## Your assignment
For this exercise, an exact copy is needed of only the lines from the one containing "(HCM)(Tặng Kèm Khăn" through the end of the data, with pictures left out.

Top of Data to examine

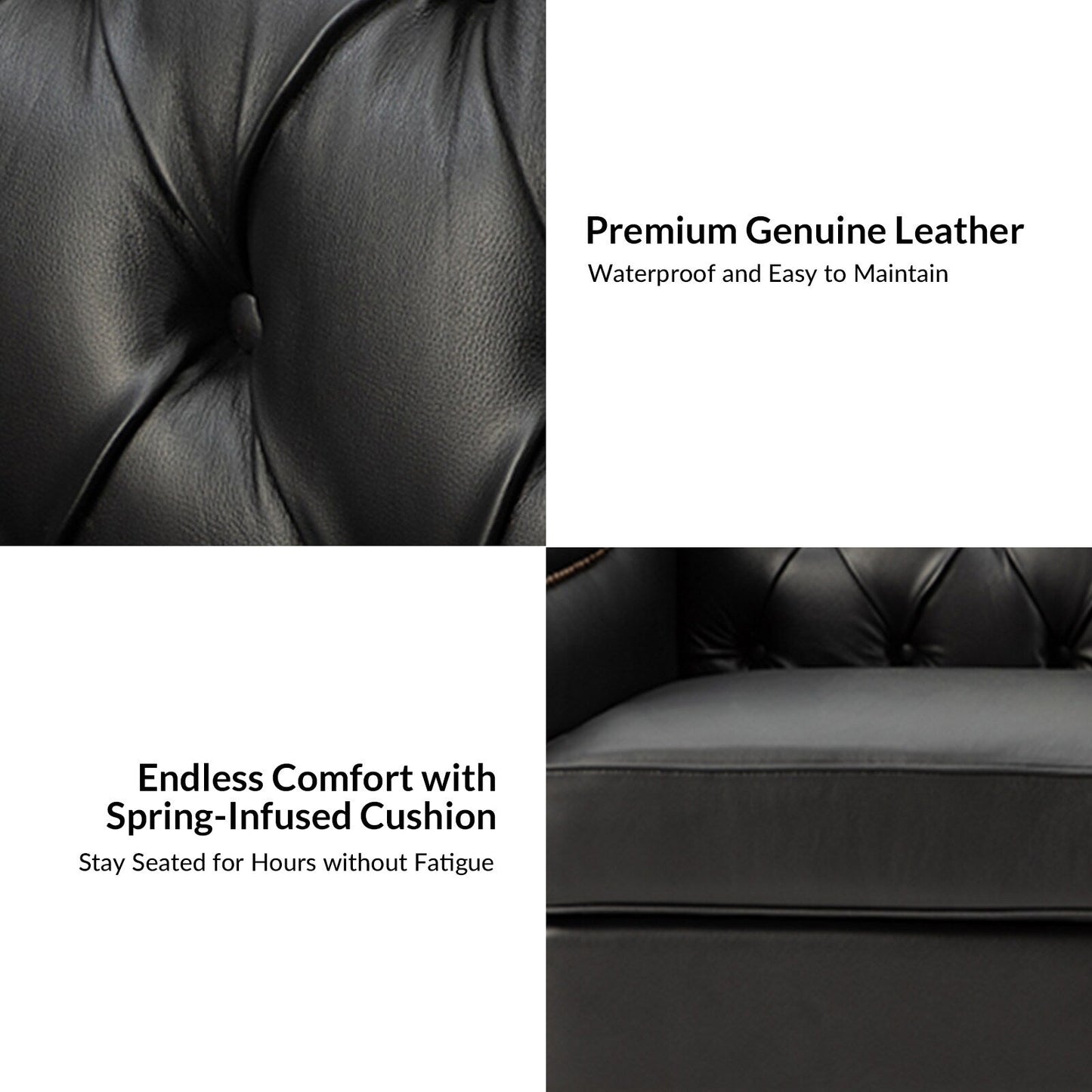 Mateo 82.28 Wide Transitional Genuine Leather Sofa with Nailhead Trim and Button-Tufted Back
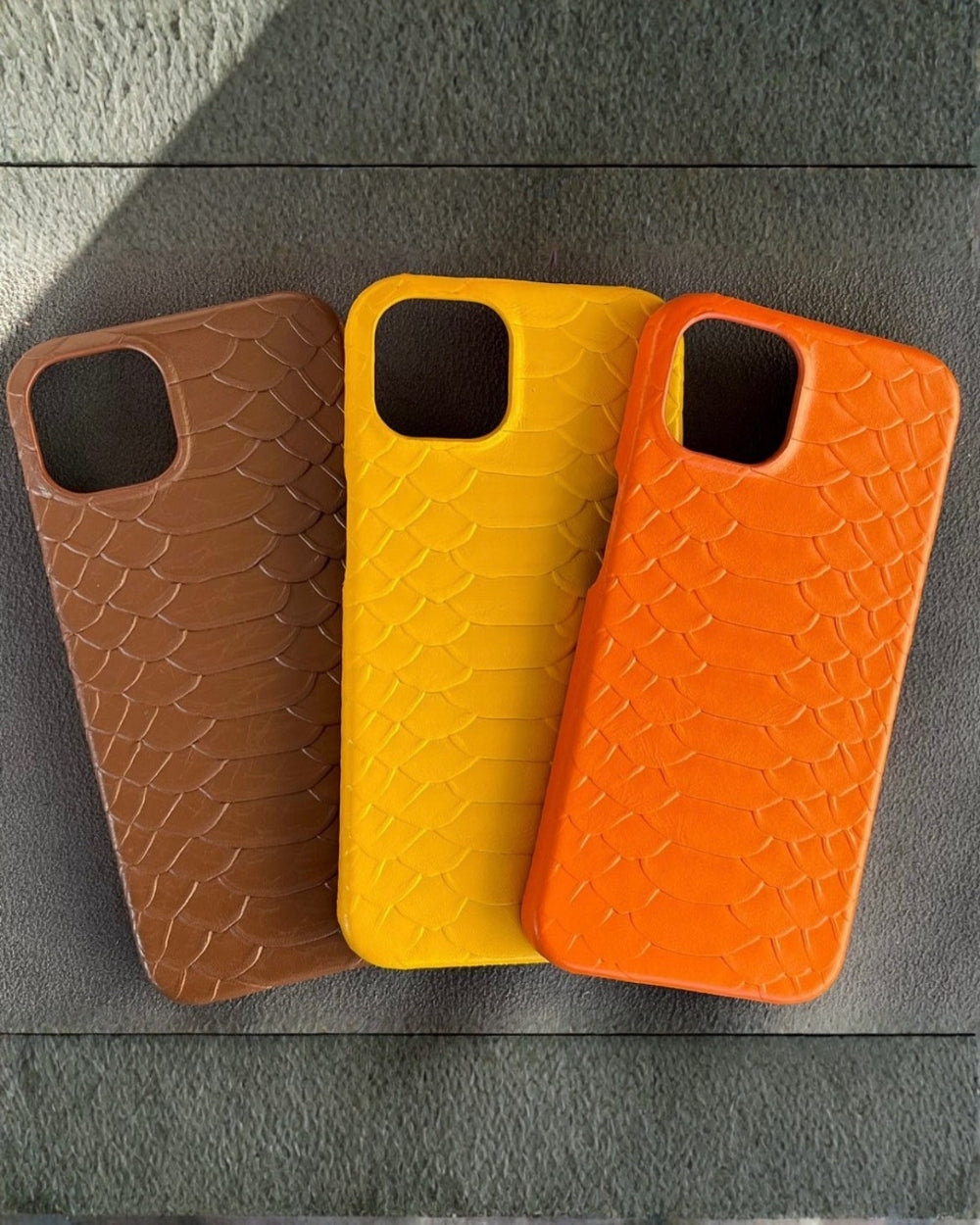 Piton Serisi Deri iPhone Kılıfı | Turuncu
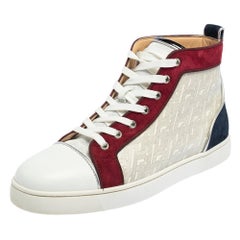 Christian Louboutin Multicolor Leather and Suede Orlato High Top Sneaker Size 42
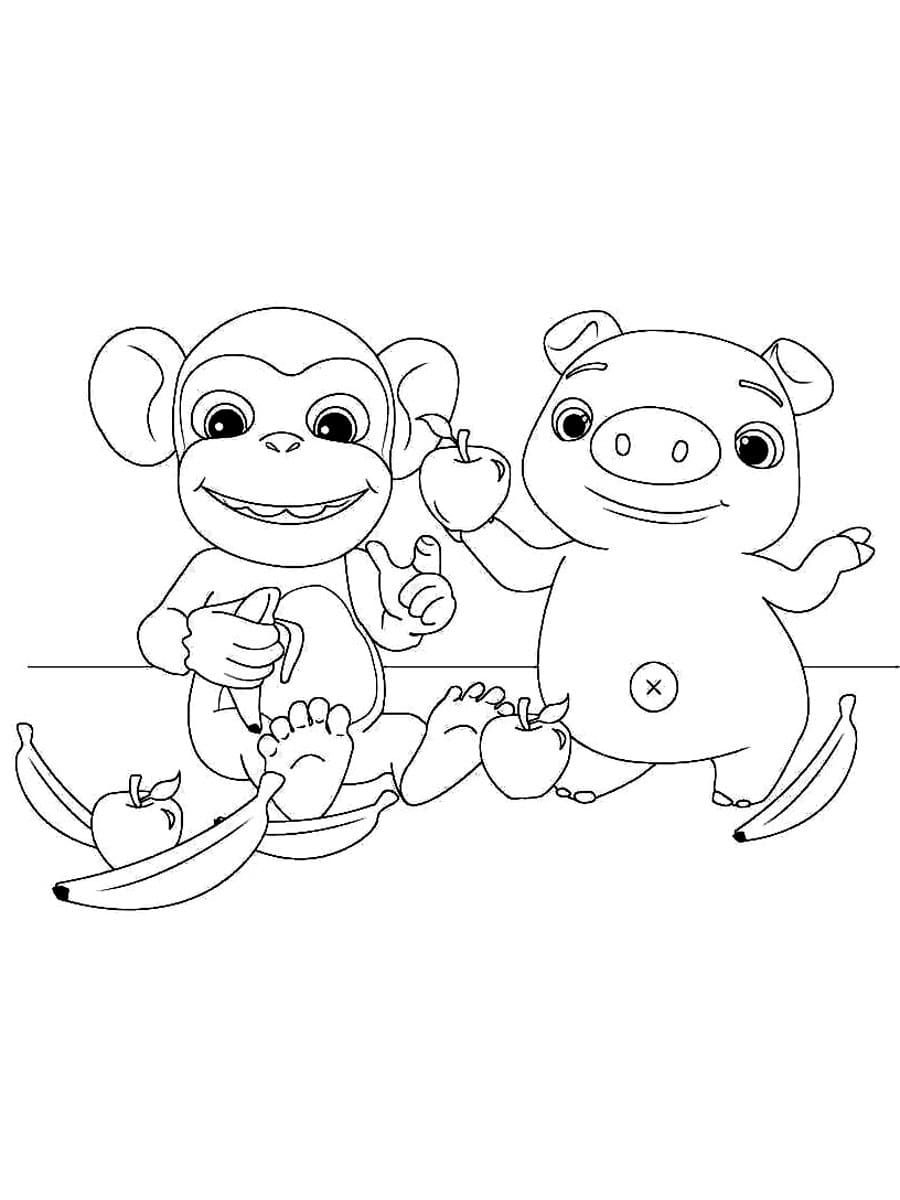 Desenho de Mochi e Pepe Cocomelon para Colorir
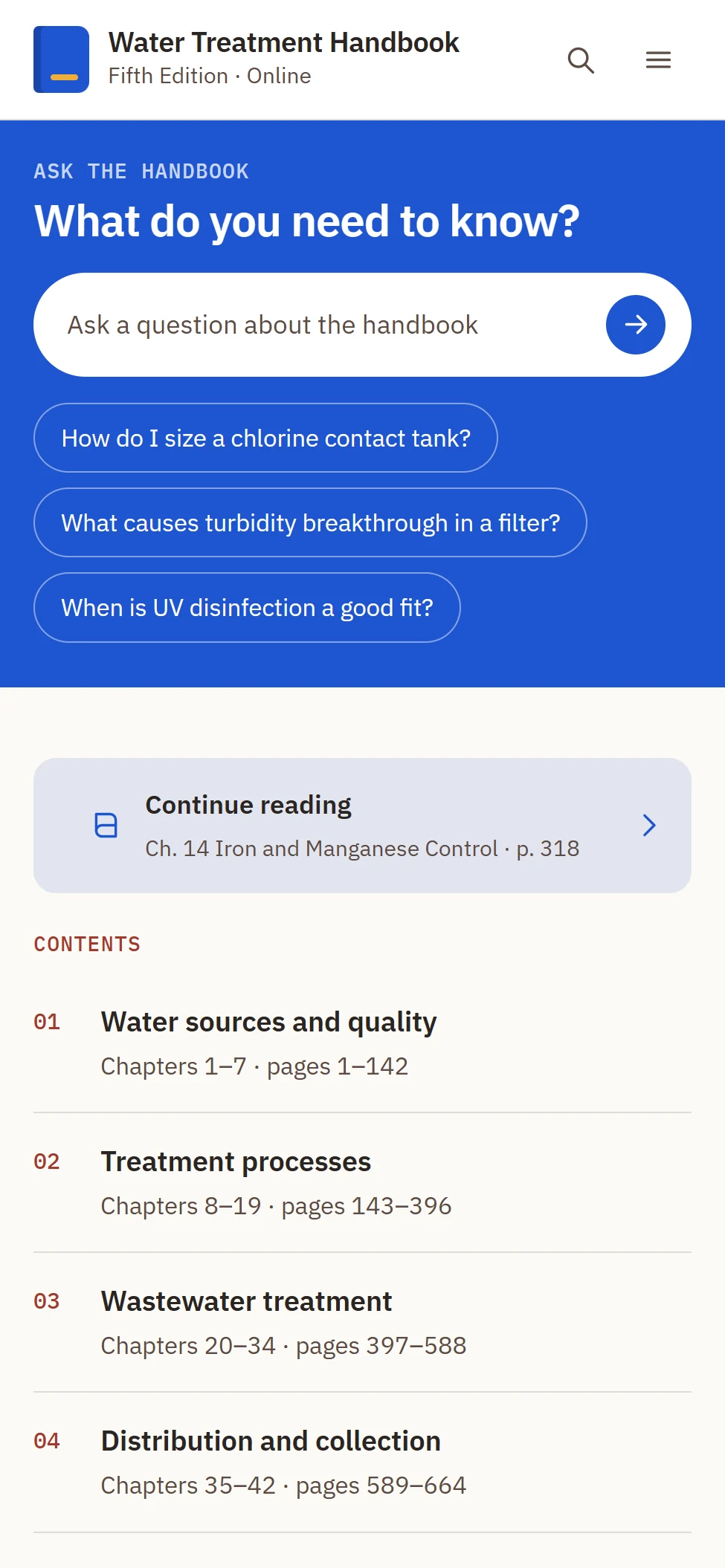 The handbook's home screen on a phone: an ask box with suggested questions, a link back to the page last read, and the five parts of the contents.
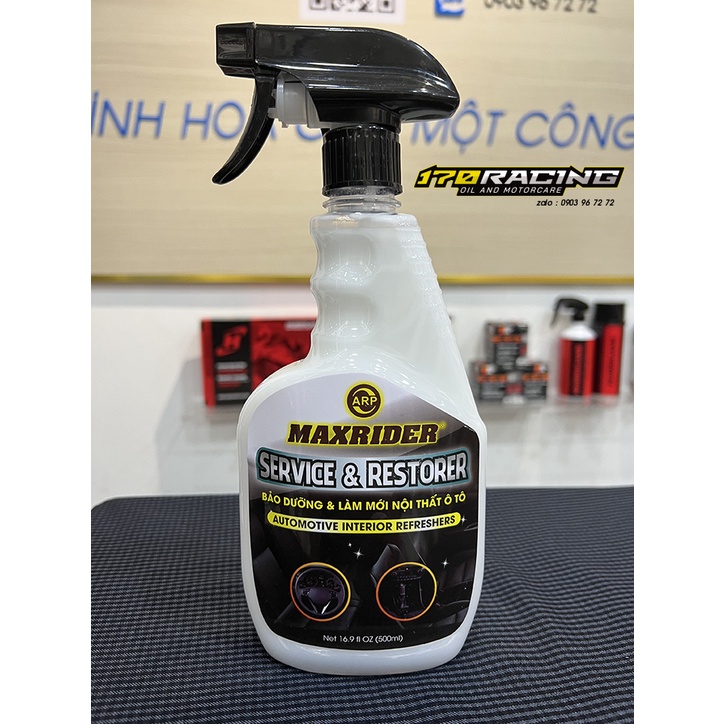 (HCM)(Tặng Kèm Khăn Mềm 170 RACING OIL) Chai Xịt Bão Dưỡng Và Làm Mới Nội Thất ÔTÔ MAXRIDER SERVICE &amp; RESTORER 500 ML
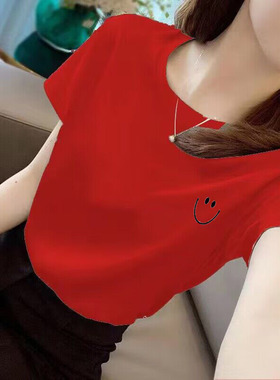 红色显瘦洋气上衣2025年纯棉宽松短袖t恤女百搭夏季时尚打底T恤衫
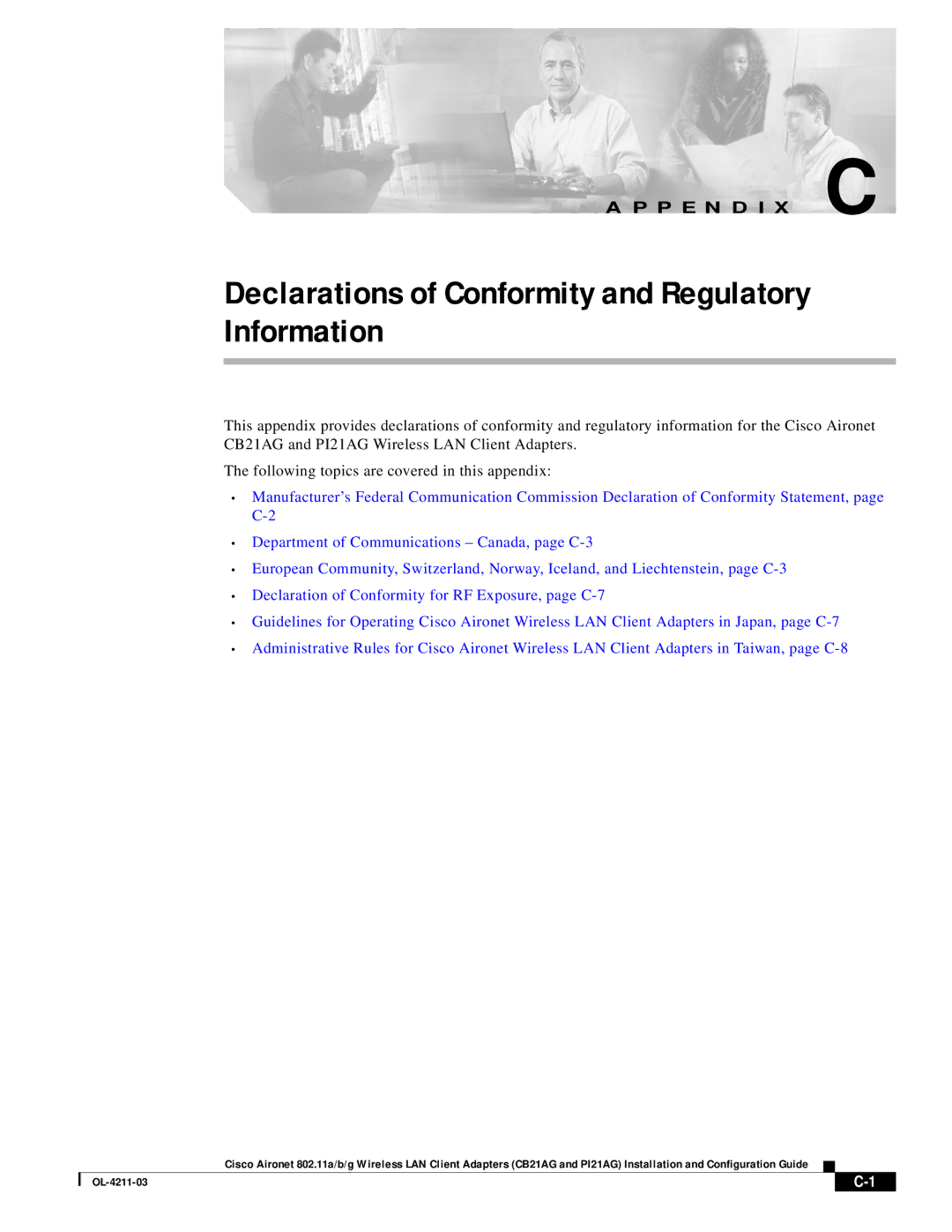 Cisco Systems CB21AG manual Declarations of Conformity and Regulatory Information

Bottom of Data to examine

## Your response
 (HCM)(Tặng Kèm Khăn Mềm 170 RACING OIL) Chai Xịt Bão Dưỡng Và Làm Mới Nội Thất ÔTÔ MAXRIDER SERVICE &amp; RESTORER 500 ML
 红色显瘦洋气上衣2025年纯棉宽松短袖t恤女百搭夏季时尚打底T恤衫
 Cisco Systems CB21AG manual Declarations of Conformity and Regulatory Information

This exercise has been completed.